Stored items

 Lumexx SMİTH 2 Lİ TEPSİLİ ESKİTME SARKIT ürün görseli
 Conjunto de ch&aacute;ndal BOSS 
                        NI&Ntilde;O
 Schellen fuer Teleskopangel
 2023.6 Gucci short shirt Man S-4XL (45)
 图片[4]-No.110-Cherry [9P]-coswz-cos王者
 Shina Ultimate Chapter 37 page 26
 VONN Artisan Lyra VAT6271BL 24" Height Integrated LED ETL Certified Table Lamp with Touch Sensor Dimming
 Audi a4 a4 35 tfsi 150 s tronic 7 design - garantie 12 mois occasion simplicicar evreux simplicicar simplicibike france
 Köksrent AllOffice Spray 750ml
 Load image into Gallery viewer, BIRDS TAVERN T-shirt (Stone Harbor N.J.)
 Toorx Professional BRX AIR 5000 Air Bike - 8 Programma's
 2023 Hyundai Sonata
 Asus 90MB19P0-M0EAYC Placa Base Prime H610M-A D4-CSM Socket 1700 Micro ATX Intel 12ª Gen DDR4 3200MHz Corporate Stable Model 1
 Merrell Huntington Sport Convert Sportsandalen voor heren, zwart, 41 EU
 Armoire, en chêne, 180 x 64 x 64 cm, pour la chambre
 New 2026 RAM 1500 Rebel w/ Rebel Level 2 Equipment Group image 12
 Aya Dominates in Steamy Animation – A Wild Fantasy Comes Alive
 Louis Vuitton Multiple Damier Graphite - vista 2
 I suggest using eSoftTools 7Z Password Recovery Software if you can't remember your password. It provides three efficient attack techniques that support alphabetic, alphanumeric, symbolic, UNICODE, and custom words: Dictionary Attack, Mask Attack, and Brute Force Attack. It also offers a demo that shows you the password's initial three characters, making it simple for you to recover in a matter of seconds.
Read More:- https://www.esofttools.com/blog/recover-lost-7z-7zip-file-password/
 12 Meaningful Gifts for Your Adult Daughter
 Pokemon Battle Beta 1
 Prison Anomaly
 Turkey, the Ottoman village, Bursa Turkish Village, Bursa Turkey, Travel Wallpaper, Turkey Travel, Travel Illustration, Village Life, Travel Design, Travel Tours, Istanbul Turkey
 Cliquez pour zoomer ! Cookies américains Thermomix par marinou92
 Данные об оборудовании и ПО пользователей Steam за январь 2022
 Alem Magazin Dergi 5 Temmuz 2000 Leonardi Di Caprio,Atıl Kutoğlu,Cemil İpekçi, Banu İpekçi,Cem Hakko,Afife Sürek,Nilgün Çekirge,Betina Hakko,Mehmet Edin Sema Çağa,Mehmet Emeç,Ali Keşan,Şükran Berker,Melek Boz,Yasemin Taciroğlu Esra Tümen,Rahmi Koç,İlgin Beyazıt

Your goal. Throughout the records, the word "image" shows up on certain lines. Report how many lines, with only the number.

Task result. 2